And now in this term HOLT, Chief Justice, pronounced the resolution of the Court, that the action would well lie; and therefore all the Court was of opinion, that the judgment ought to be affirmed. And HOLT, Chief Justice, said, that this point is not primae impressionis, but that it has been much unsettled in Westminster Hall, and therefore to set it at rest is at this time very necessary.

And first, he said, that there are three sorts of damages, any of which would be of sufficient ground to support this action. 1. The damage to a man's fame, as if the matter whereof he is accused be scandalous. And this was the ground of the case between Sir Andrew Henley and Dr. Burstall, Raym. 180. But there is no scandal in the crime for which the plaintiff in the original action was indicted. 2. The second sort of damages, which would support such an action, are such as are done to the person; as where a man is put in danger to lose his life, or limb, or liberty, which has always been allowed a good foundation of such an action. . . . 3. The third sort of damages, which will support such an action, is damage to a man's property, as where he is forced to expend his money in necessary charges, to acquit himself of the crime of which he is accused, which is the present charge. That a man in such case is put to expenses is without doubt, which is an injury to his property; and if that injury is done to him maliciously, it is reasonable that he shall have an action to repair himself. And though this doctrine has been questioned lately, it was always received in ancient times. 3 Ed. 3, 19; 3 Assi. pl. 13; 7 Hen. 4, 31 a; 11 Hen. 7, 25, 26; F. N. B. 116; Stile, 379; Atwood v. Monger. But it was objected at the bar against these old cases, that they were grounded upon a conspiracy, which is of an odious nature, and therefore sufficient ground for an action by itself. But to this objection he answered, that conspiracy is not the ground of these actions, but the damages done to the party; for an action will not lie for the greatest conspiracy imaginable, if nothing be put in execution; but if the party be damaged, the action will lie.

Objection: Such actions will discourage prosecutions and there is no more reason that an action should be maintainable in this case, than where a civil action is sued without cause, for which no action will lie; if a man slanders another by suing of an action in a proper

court, no action will lie for it. 2 R. 3, 9, 10; Keilw. 26.

Answer:

1. There is a great difference between the suing of an action maliciously, and the indicting of a man maliciously.

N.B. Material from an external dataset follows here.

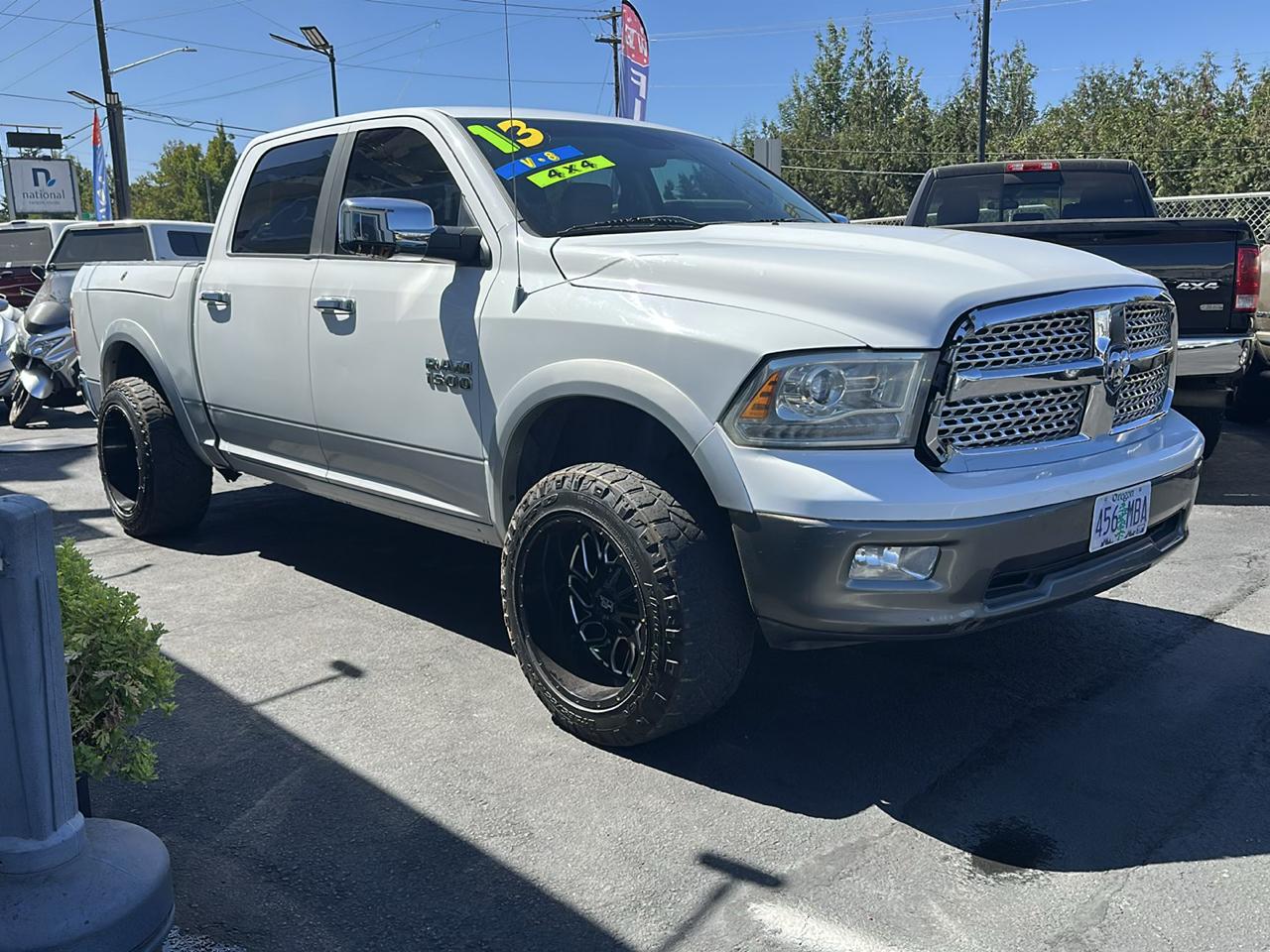 RAM 1500 Laramie Crew Cab SWB 4WD 2013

When a man sues an action, he claims a right to himself, or complains of an injury done to him; and if a man fancies he has a right, he may sue an action.

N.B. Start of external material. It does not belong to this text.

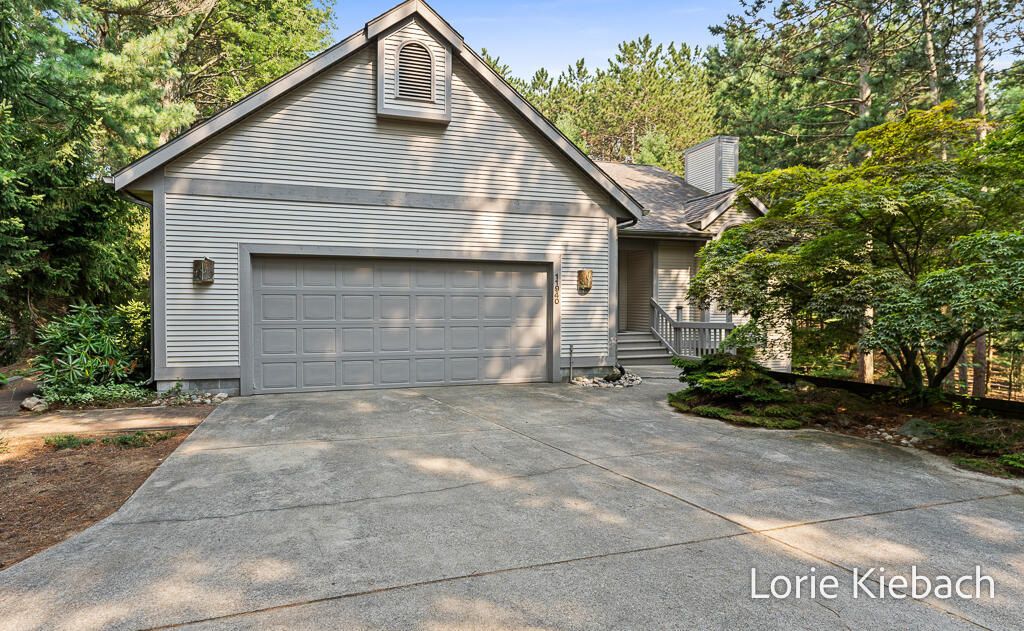 11940 Lakeshore Avenue, Grand Haven charter township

2. The common law has made provision, to hinder malicious and frivolous and vexatious suits, that every plaintiff should find pledges, who were amerced, if the claim was false; which judgment the Court heretofore always gave, and then a writ issued to the coroners, and they affeered them according to the proportion of the vexation. See 8 Co. 39 b; F. N. B. 76 a. But that method became disused, and then to supply it, the statutes gave costs to the defendants.

332. SMITH v. MICHIGAN BUGGY COMPANY
SUPREME COURT OF ILLINOIS. 1898

175 Ill. 619, 51 N. E. 569

ERROR to Appellate Court, First District.

Trespass on the case by Alfred A. Smith against the Michigan Buggy Company. From a judgment of the Appellate Court (66 Ill. App. 516) affirming a judgment for defendant, plaintiff brings error. Affirmed.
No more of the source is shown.